Go to parties, have fun. You're only in college once, and these are the four years where you still have the training wheels on the adulting bicycle. Just always remember that your freshman year grades are important. Put in work to keep those grades high and cut loose on the weekend. Find a healthy balance of both with friends that will always have your back; a group that also knows this balance.
Let Mom or Dad set up your room for you. I know you're annoyed, and you feel embarrassed because they seem to keep talking your roommate's ear off, but be gentle with them. They are leaving their baby, who's no longer a baby at college. Let them hug you and tell you how proud they are. You have to remember they are the ones who saw you take your very first steps and speak your very first words. And now, they are seeing you walk into the first part of your life without them. They love you.

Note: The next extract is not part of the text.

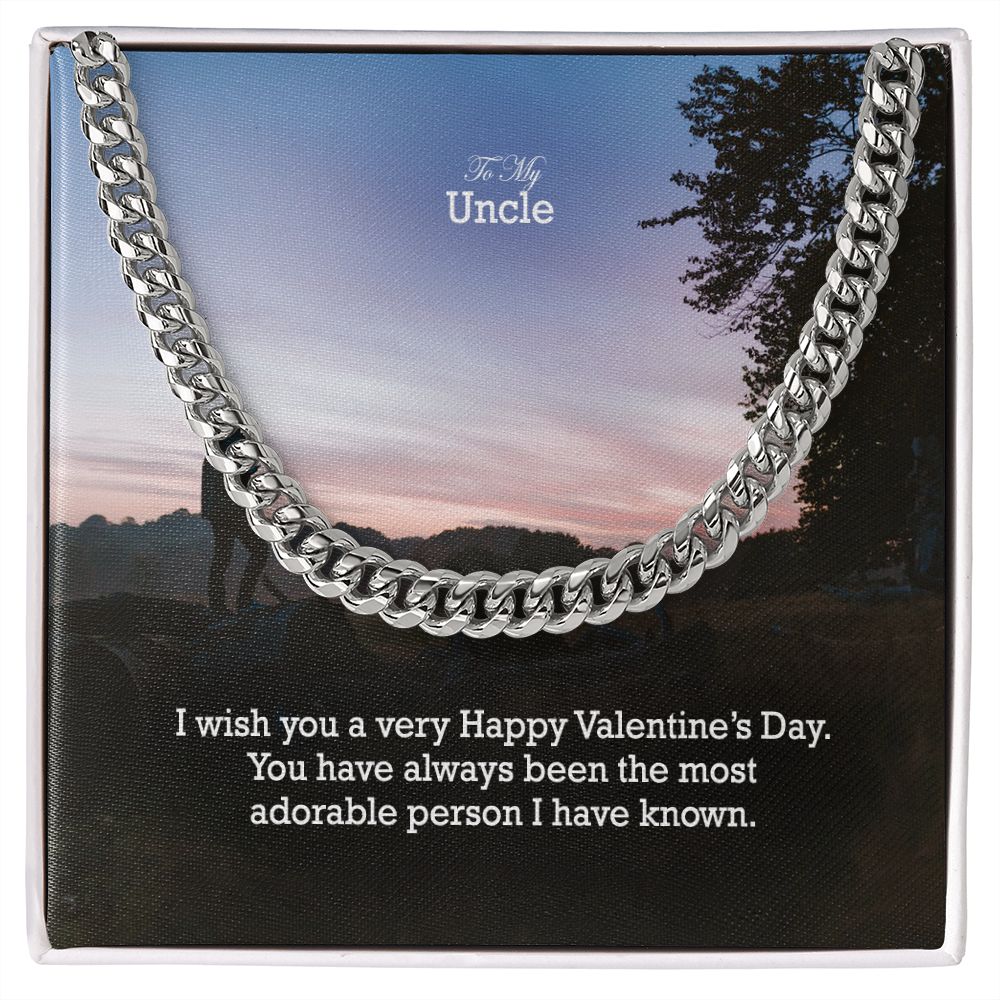To My Uncle, You Have Always Been The Most Adorable Person I Have Known - Cuban Link Chain Necklace - Gift for Uncle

Lastly, this time will go by in the blink of an eye. Before you know it you're going to be walking across the stage in a graduation gown. Looking out into the crowd of once unfamiliar faces; now full of your friend's, sisters and brothers smiling faces. They're cheering you on as you walk and finally have that Bachelors Degree in hand. You're going to make you way back to your seat, staring at that font of your school's name, and tears are going to come. I promise. It will hit you that there will be no more midnight runs to McDonalds with your roommates, there will be no more walking to class, there will be no more of just walking down the hallway to hang out with your best friend, it's over. Just in the blink of an eye. So, my advice to you, you bright-eyed freshman; As you give your mom one last hug before you venture on your own... please don't waste these four years. Make the most amazing memories. Do not settle for mediocrity. Push yourself to new limits and most of all don't blink. It will be over before you know it.
I wish you the best kid,
A senior in College
P.S. Everyone is right about the lanyard thing. Just don't do it.